● **DATA TO USE**

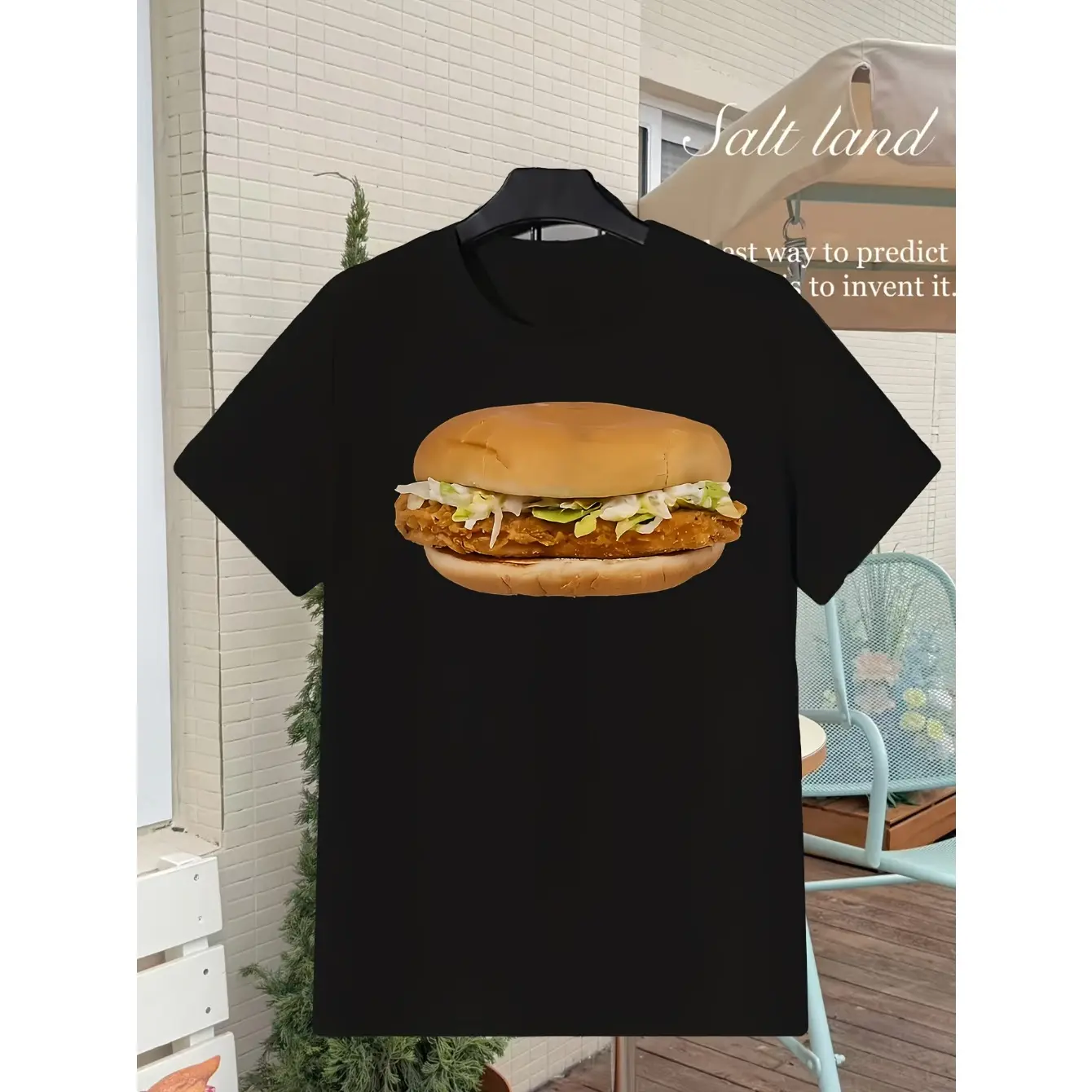 Men's Classic Vintage Food Graphic Garment - Short Sleeve Crew Neck Regular Fit Menswear Tops, Customized Durable Print, Soft Breathable Fabric, Machine Washable Casual Wear, Unisex, All Seasons, Customizable, T-Shirt, Shortsleeve, Custom Print, Fitted, F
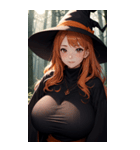 ハロウィン魔女写真限定版（個別スタンプ：40）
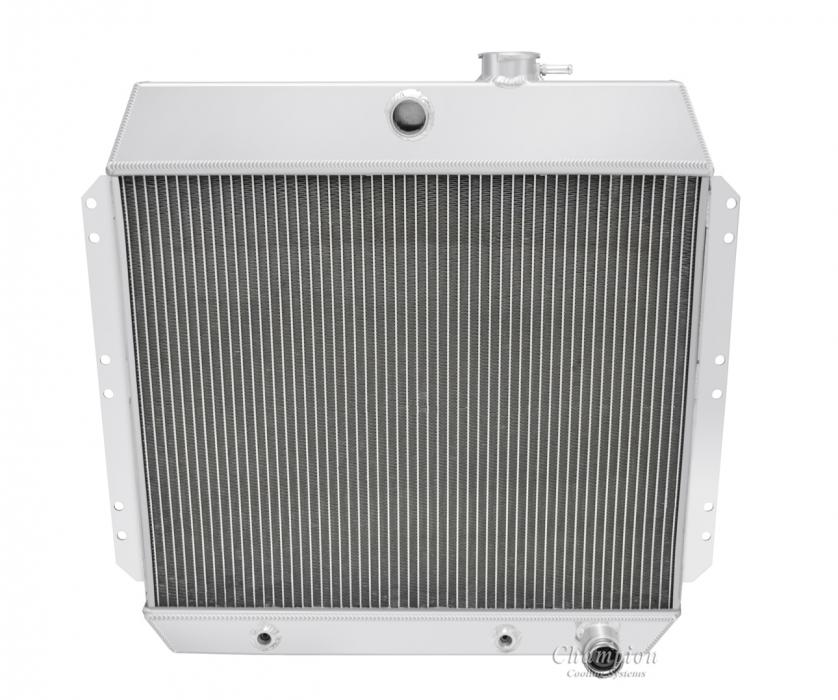 Champion Cooling 2 Row All Aluminum Radiator Made With Aircraft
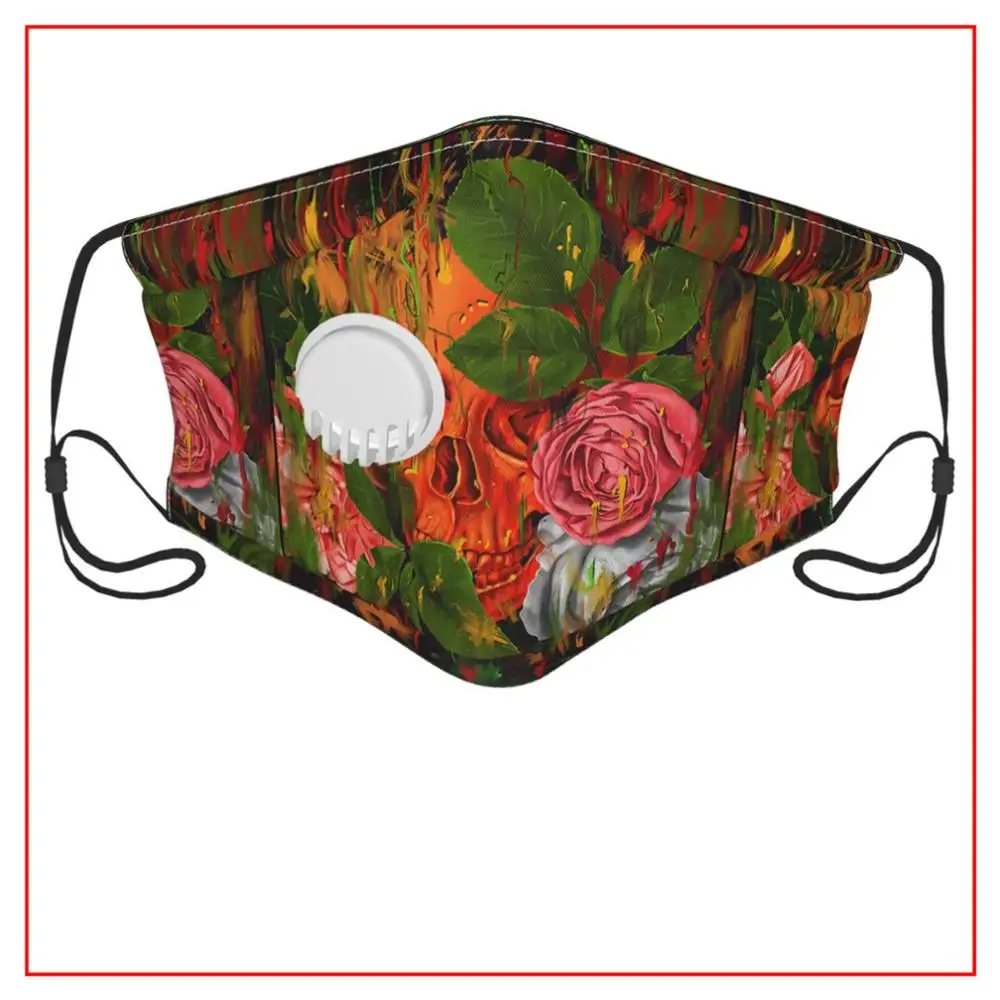 

Kids Men Women Face Mask COLORS OF DEATH SKULL Facemasks Breathing Designs Large Reusable Anime Motorcycle Fishing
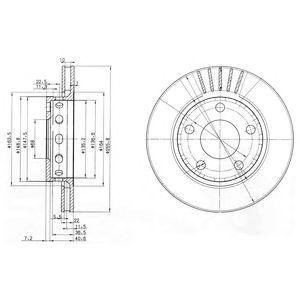 Гальмівний диск Audi A4, Volkswagen Passat Delphi bg3785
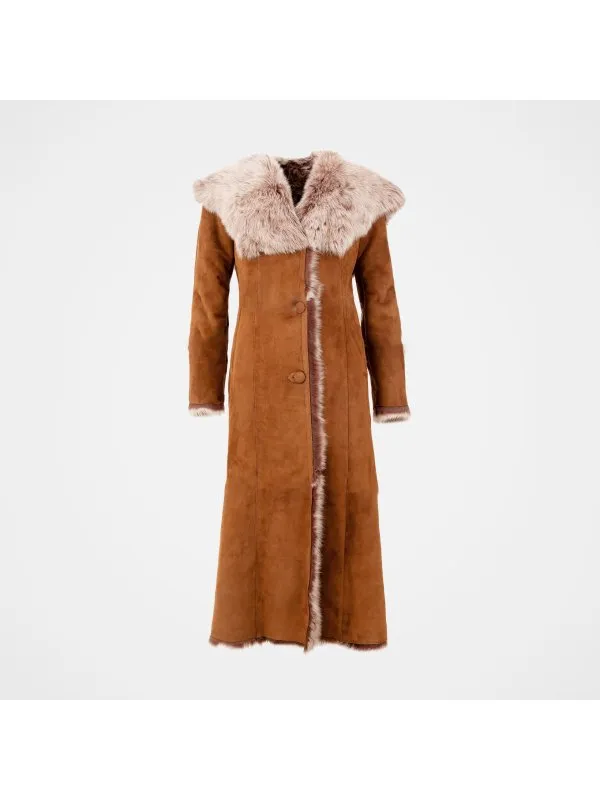 Premium toskana sheepskin hooded jacket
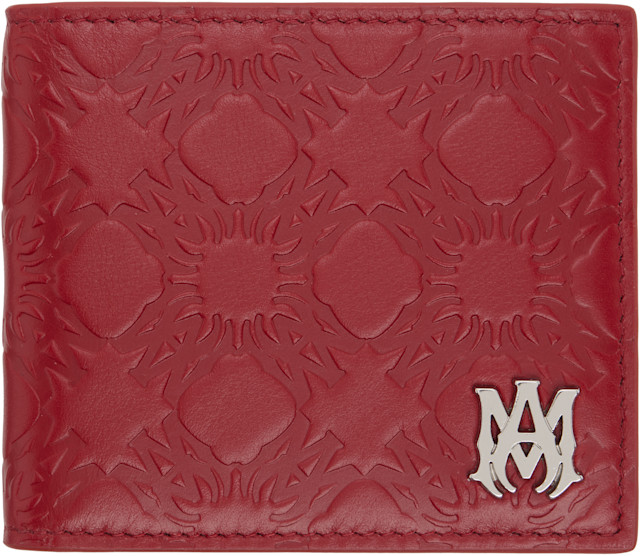 AMIRI: Red Lunar New Year 'MA' Quad Leather Bifold Wallet | SSENSE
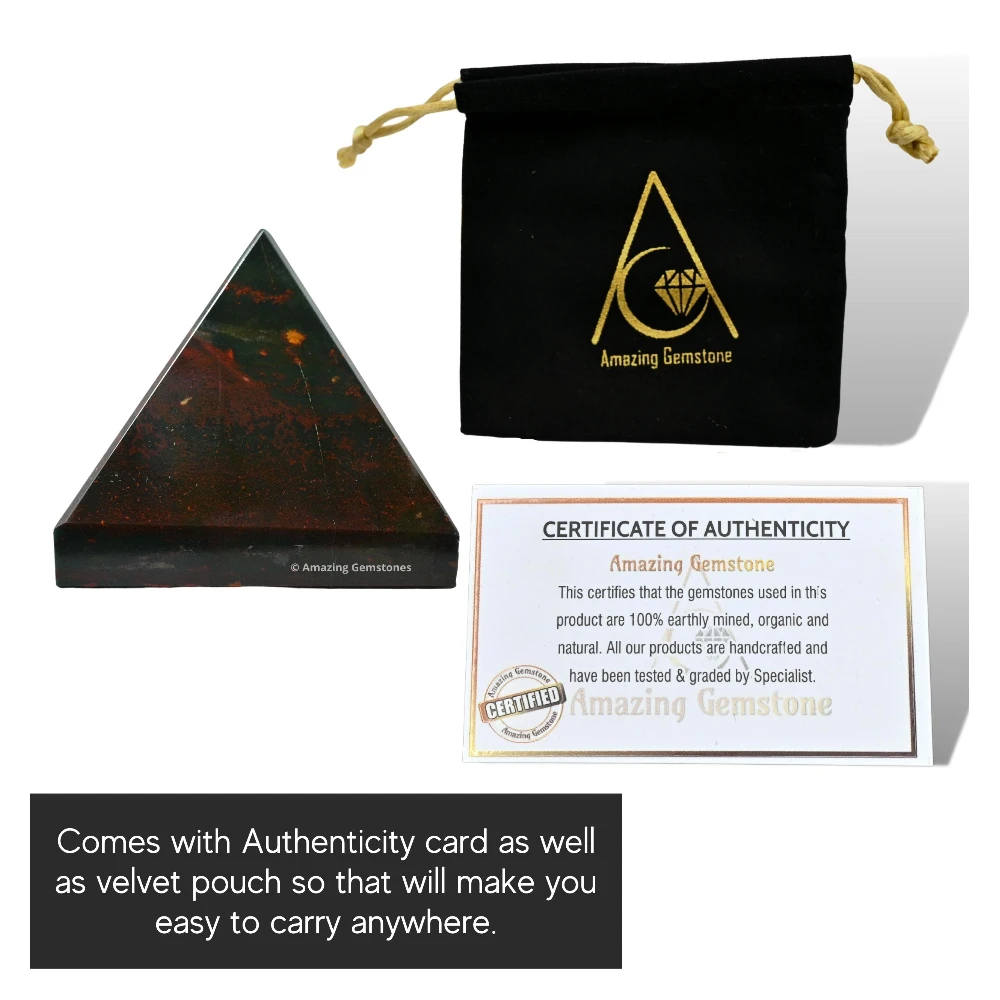 Bloodstone Pyramid (1 Inch)
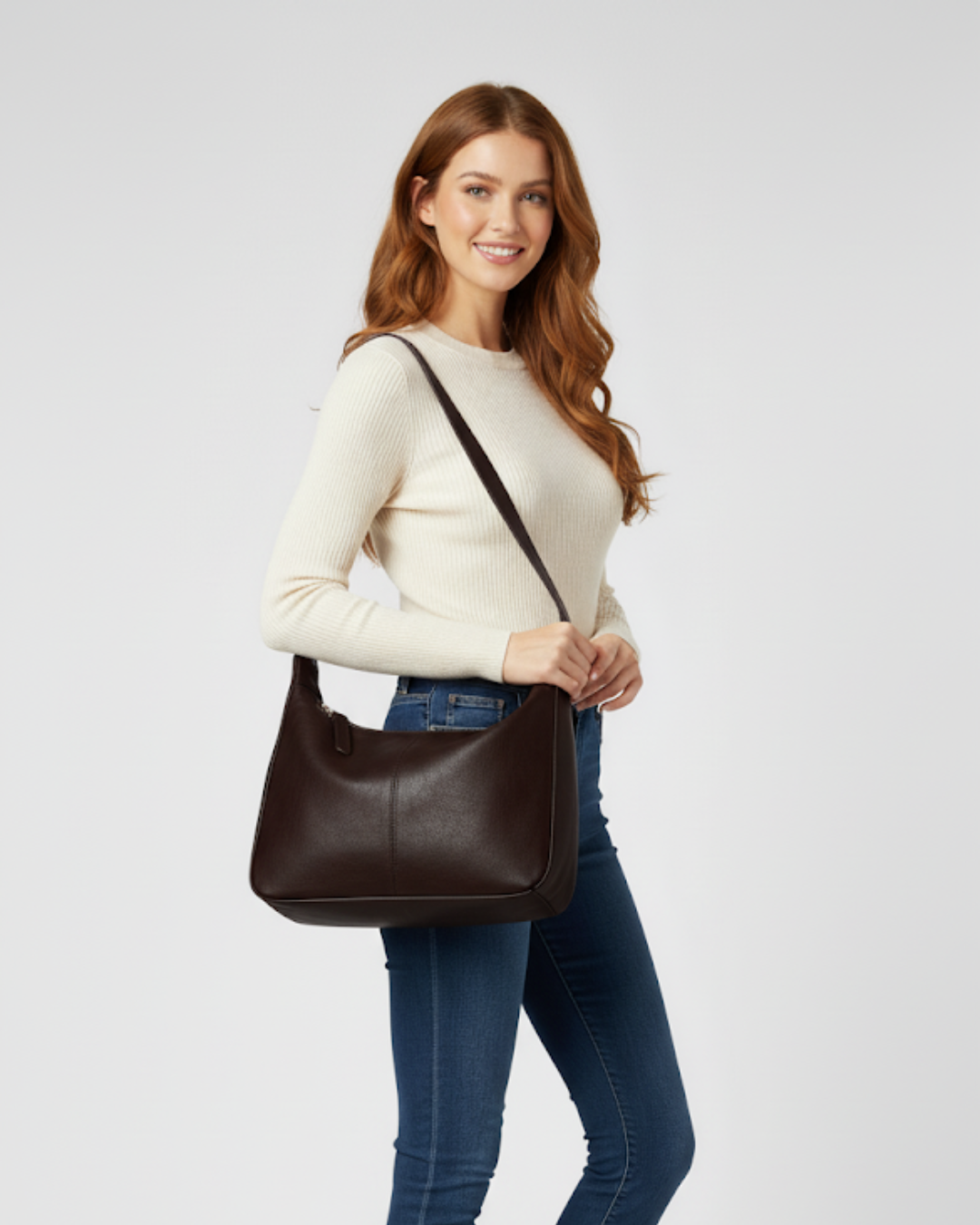 Bolso de hombro en cuero para mujer®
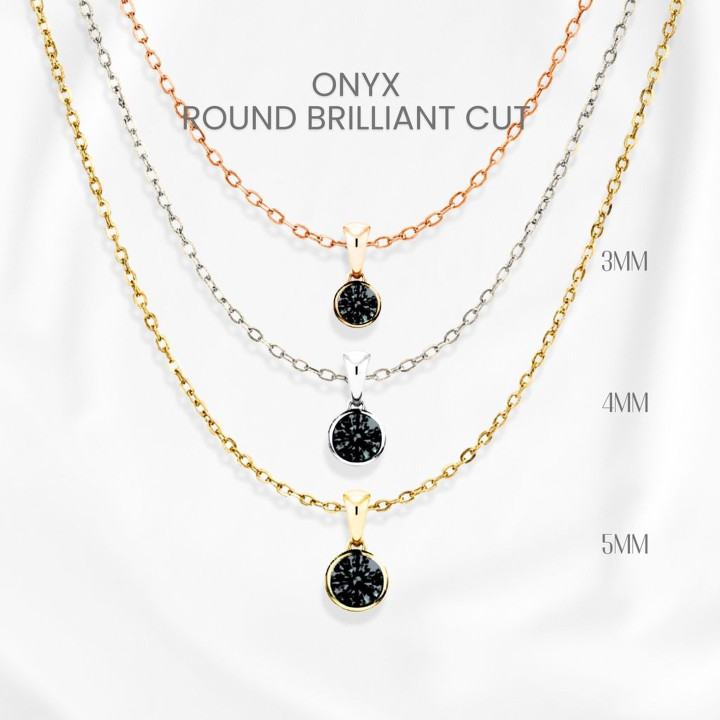 조지 주얼리(GEORGE Jewelry)의 블랙 오닉스 목걸이 | 스털링 실버 펜던트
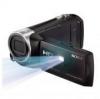 Video camera w. projector sony pj410 blk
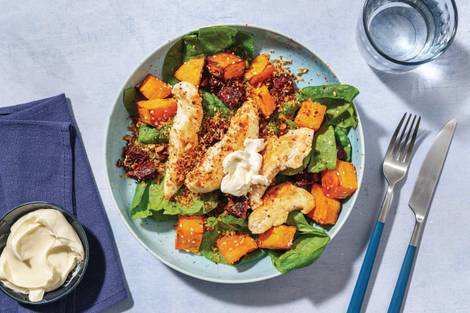 Herby Double Chicken & Almond Crumb Sprinkle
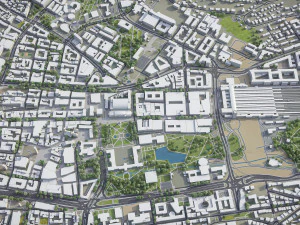 Stuttgart - 3D City Model 3D Model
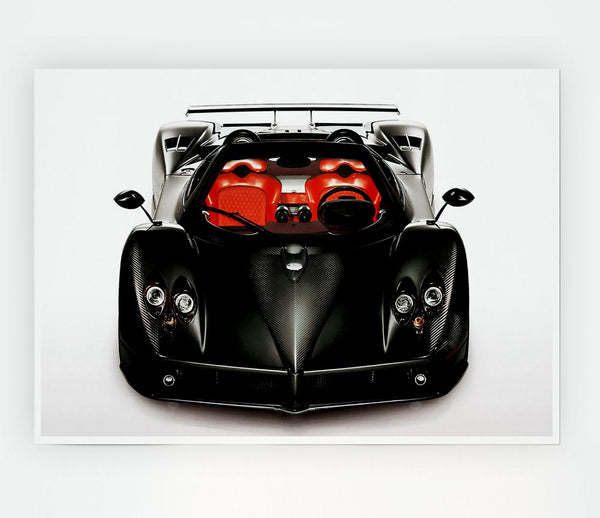 Zonda Jet Black Print Poster Wall Art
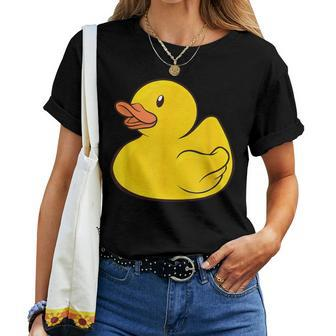 Cute Rubber Duckie Duck Rubber Duck Women T-shirt - Monsterry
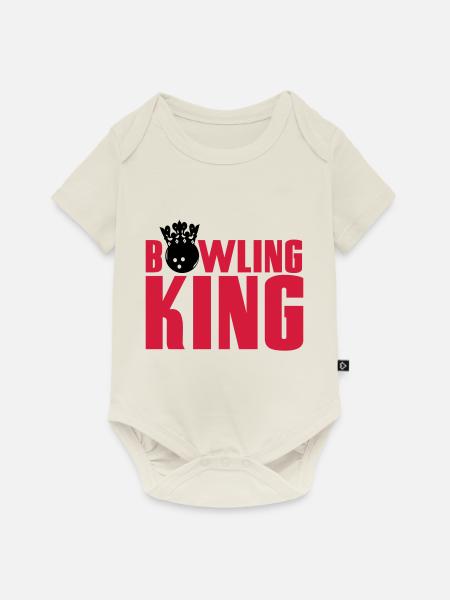 Bowling King - Baby Premium Kurzarmbody - Naturweiß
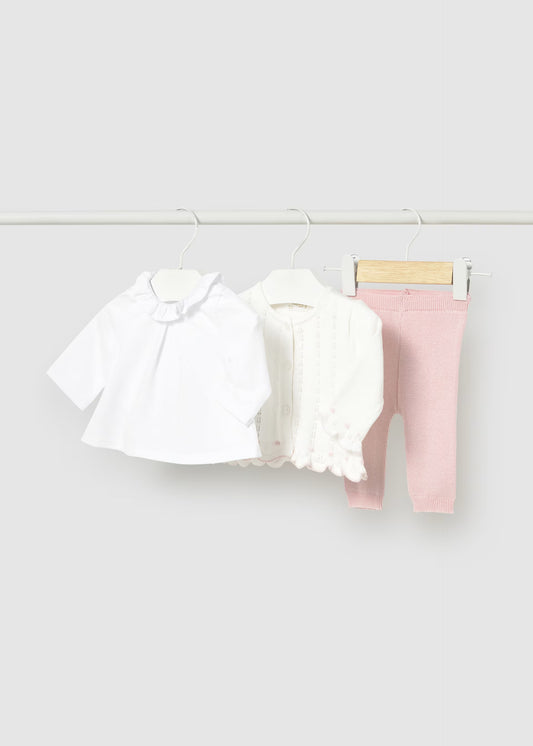 Completo 3 pezzi in maglia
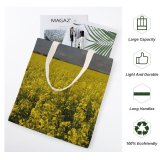yanfind Great Martin Canvas Tote Bag Double Field Grassland Outdoors Tuscany Countryside Farm Meadow Rural Italia Chiabrando Paolo Landscape white-style1 38×41cm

● **INSTRUCTIONS FOR THE TASK**
Emit an exact copy of the lines from the line bearing "Гальмівний диск Audi" through the last line above, inclusive, and leave the images out.

● **SOLUTION FOR THIS PROBLEM**
 Гальмівний диск Audi A4, Volkswagen Passat Delphi bg3785
 Premium toskana sheepskin hooded jacket
 AMIRI: Red Lunar New Year 'MA' Quad Leather Bifold Wallet | SSENSE
 Bloodstone Pyramid (1 Inch)
 Bolso de hombro en cuero para mujer®
 조지 주얼리(GEORGE Jewelry)의 블랙 오닉스 목걸이 | 스털링 실버 펜던트
 Video camera w. projector sony pj410 blk
 Herby Double Chicken & Almond Crumb Sprinkle
 Stuttgart - 3D City Model 3D Model
 Zonda Jet Black Print Poster Wall Art
 Cute Rubber Duckie Duck Rubber Duck Women T-shirt - Monsterry
 Bowling King - Baby Premium Kurzarmbody - Naturweiß
 Completo 3 pezzi in maglia
yanfind Great Martin Canvas Tote Bag Double Field Grassland Outdoors Tuscany Countryside Farm Meadow Rural Italia Chiabrando Paolo Landscape white-style1 38×41cm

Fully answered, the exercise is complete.